Now, of course, there are many big caveats to this situation. The first, obviously, is the bowl ban on USC, who would otherwise already be eligible with a record of 7-5. The second, nobly, is that the Pac-10 schedules harder non-conference games than any of the other major conferences. The obvious example is 5-6 Oregon State, who had to play both Boise State and TCU this year. Switch either of those teams for, say, Wyoming or Utah State, and the Beavers have six wins and are going to the Maaco Bowl. A similar story could be said for Arizona State, who came within a field goal of beating No. 5 Wisconsin, but are now instead 5-6, and will not be going to a bowl game. On the flip side of this is the fact that the Pac-10 has had more marquee wins than any other conference: UCLA beat Texas, Arizona beat Iowa, Stanford beat Notre Dame, Oregon beat Tennessee. However, the other teams were punished for their ambition and are now going to suffer.

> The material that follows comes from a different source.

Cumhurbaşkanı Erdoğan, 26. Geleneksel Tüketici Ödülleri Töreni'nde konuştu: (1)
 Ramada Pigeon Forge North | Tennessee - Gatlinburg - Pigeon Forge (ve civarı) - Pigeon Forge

So there are at least some asterixes to the Pac-10's woeful win-loss percentages and lack of bowl invitations. But the simple fact is that the vast majority of teams underperformed this season, and that no one outside of Oregon and Stanford were able to gain anything resembling consistency. The Beavers would already be bowl eligible if they hadn't lost by 17 at home to Washington State. Meanwhile, Wazzu was the only road win for Cal all season long; as a result, they'll be ending up one win short of a bowl. And Arizona State would have gone bowling, too, if it were not for having an extra point blocked by USC in the fourth quarter of a game they lost by one point. However, none of these teams managed to come up big when they needed to. Four teams in the Pac-10 finished with conference records of 4-4; in fact, only Oregon and Stanford have winning records within the conference.

Coming in to this weekend, two Pac-10 teams will still have a chance to become bowl eligible: Oregon State and Washington. While I'd bet that everyone from Spokane to Pasadena will be rooting for the Beavers to pull off the upset this Saturday, I'm certain that Larry Scott, the Pac-10 commissioner, will be wearing green. That leaves the Huskies as the conference's great purple hope, and their last chance to salvage Jake Locker's senior season, and to secure a fourth bowl birth for the conference.

Addendum: For a more positive outlook, read Stewart Mandel's column here. I still don't think that he addresses the issue of none of the Pac-10's 4th through 8th teams being able to show any kind of consistency through the season.